As feridas abertas pelo narcisismo

Jornal do Brasil
04.06.2005



 

O Idéias convidou o escritor Miguel Sanches Neto para entrevistar seu colega Mário Sabino, que acaba de lançar a segunda obra de ficção, a coletânea de contos O antinarciso, depois da bem-sucedida estréia com o romance O dia em que matei meu pai (ambos publicados pela Record). Na conversa, Sanches Neto aborda a diversidade de ritmos e temas das histórias, tendo como resposta a também diversificada influência de Sabino, que vai de Dante Alighieri a Alberto Moravia, passando por T. S. Eliot. Um ponto que chamou a atenção do entrevistador foi a presença do sexo como elemento-chave das narrativas. Obteve como resposta que ''toda literatura é erótica em última análise, e sua linguagem, nesse sentido, só pode ser a da sedução''. Questionado sobre a atual tendência ''jornalística'' de criar uma relação direta entre biografia e ficção, Sabino, que é redator-chefe da revista Veja, responde que o primeiro a fazer esta relação foi Freud, e que ''uma leitura biográfica de certos autores não é necessariamente redutora no mau sentido''. Um dos autores homenageados na coletânea é Machado de Assis, cujo conto ''Um chapéu ao espelho'' foi retrabalhado por Sabino, não apenas na temática, mas também no estilo. Como complemento à entrevista, Sanches Neto escreveu a resenha de O antinarciso, em que afirma que ''diante da redução do homem a esta lógica da exterioridade, centro de um mundo dominado por Narcisos exacerbados, resta ao autor exercitar sua inteligência irônica e apaixonada''.

Miguel - Estreando como romancista, você agora lança um volume de contos. Isso não é muito comum em uma tradição em que os escritores publicam contos primeiro. O que o levou ao conto neste momento?

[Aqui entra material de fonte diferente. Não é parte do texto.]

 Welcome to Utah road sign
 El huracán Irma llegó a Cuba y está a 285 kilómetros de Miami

Mario – Os gêneros literários, no meu caso, têm menos importância do que aquilo que os precede: a intenção. O que precedeu O dia em que matei meu pai foi a intenção de escrever uma tragédia em que o protagonista, ao contrário do modelo trágico grego, era dono de seu destino – ou, pelo menos, cultivava essa ilusão. Evidentemente, para atingir esse objetivo, o gênero tinha de ser o romance. Quanto aos contos de O antinarciso, os primeiros foram escritos por encomenda. Escrevi “Um beijo entre doish cocosh” por sugestão do livreiro e editor Marcus Gasparian, da Argumento, que queria publicar em sua revista a história de um amor entre um paulista e uma carioca. O resultado agradou a editora Luciana Villas-Boas, da Record, que me pediu mais dois contos, para constar de antologias a ser publicadas em Portugal. Enquanto cumpria a tarefa, percebi que havia estocado temas suficientes para um volume de contos. Histórias rápidas, como o gênero requer em sua forma contemporânea.

Miguel - Você tinha uma idéia geral da estrutura do livro, ou ele foi organizado em seções depois, quando os contos já estavam prontos?

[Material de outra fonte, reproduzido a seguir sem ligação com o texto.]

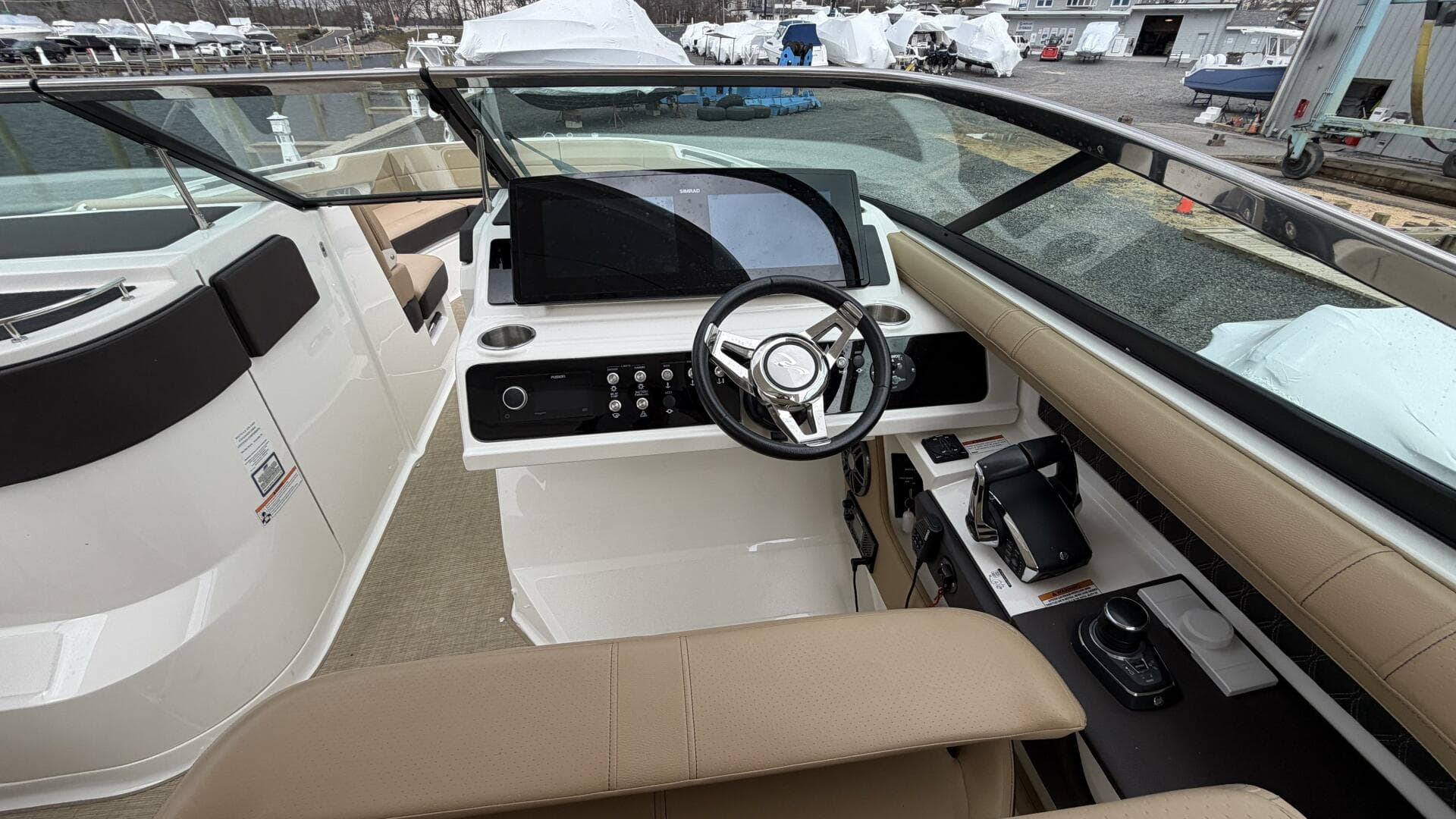 2023 Sea Ray SLX 310 OB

Mario – Resolvi dividir o livro em forma/estrutura/sentido (a falta de), que remete à definição aristotélica de arte, depois de ter escrito os contos. Escolhi fazê-lo porque, embora haja um fio condutor entre todos os textos – as feridas abertas pelo narcisismo –, dei mais ênfase a certos aspectos dependendo do tema escolhido. Nos que foram agrupados sob a denominação “forma”, por exemplo, há uma emulação de estilos. Em “Da amizade masculina”, lanço mão de Montaigne; “Um chapéu ao espelho” é uma continuação de dois contos de Machado de Assis; em “Eliot”, faço uma colagem de versos do poeta anglo-americano; e, em “Miserere”, a forma é a dos diálogos de Giacomo Leopardi.

Miguel - Qual foi seu objetivo ao retomar Machado de Assis no conto “Um chapéu ao espelho”?

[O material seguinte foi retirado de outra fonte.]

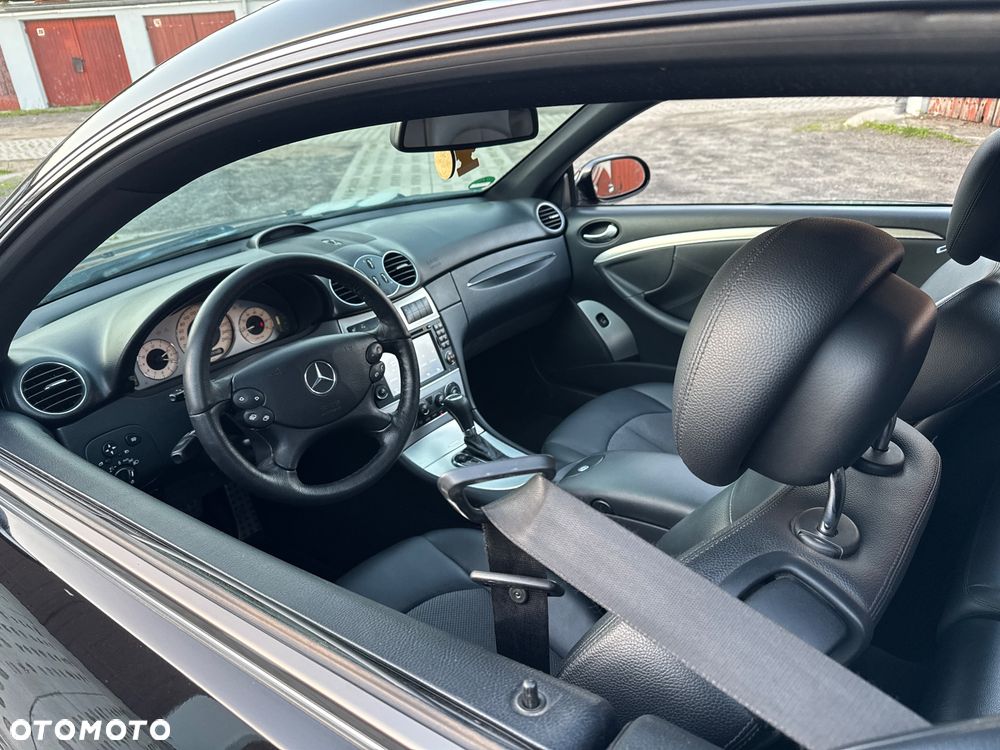 Mercedes-Benz CLK - 8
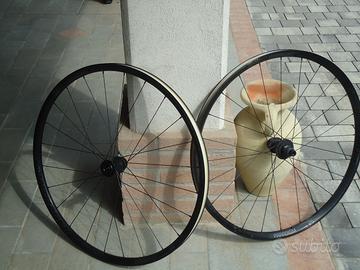 Ruote Bontrager 25 TLR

Mario – Foi, além de jogar com o estilo machadiano, no sentido mais lúdico que se possa conceber, mostrar que, independentemente da época, a essência narcísica das pessoas é sempre a mesma.

Miguel - O antinarciso tem uma diversidade de ritmos e temas. Em todas as histórias, no entanto, há uma voz narrativa muito refinada e cosmopolita. Quais as leituras formadoras desta voz?

Mario – Todas os autores que um escritor leu durante a vida ajudam a formar a sua voz. Mesmo aqueles que não o agradaram tanto assim. A minha voz, se é que realmente a tenho, ecoa Dostoievski, Dante Alighieri, Sigmund Freud, Alberto Moravia, Eugenio Montale e T.S. Eliot, principalmente. Para alguns, pode parecer estranho que Moravia figure entre esses portentos que citei, mas creio que ele é um dos grandes romancistas do século 20 – estou de pleno acordo com os críticos que consideram seu livro de estréia, o romance Os indiferentes, o precursor do existencialismo.

Miguel - Há uma opção pelo pensamento em suas narrativas e tal opção não trava o enredo. Como conciliar reflexão e velocidade?

Mario – Clareza de propósitos, seja no diálogo ou no pensamento, é a chave para a fluidez narrativa. É simples assim. A preocupação deve ser a de deixar algo para o leitor. Hoje, existe uma preferência pelo diálogo, como se essa fosse a única forma de imprimir velocidade à história que se quer contar. Tendo a crer, porém, que isso é fruto mais de uma deficiência dos autores do que de uma exigência literária.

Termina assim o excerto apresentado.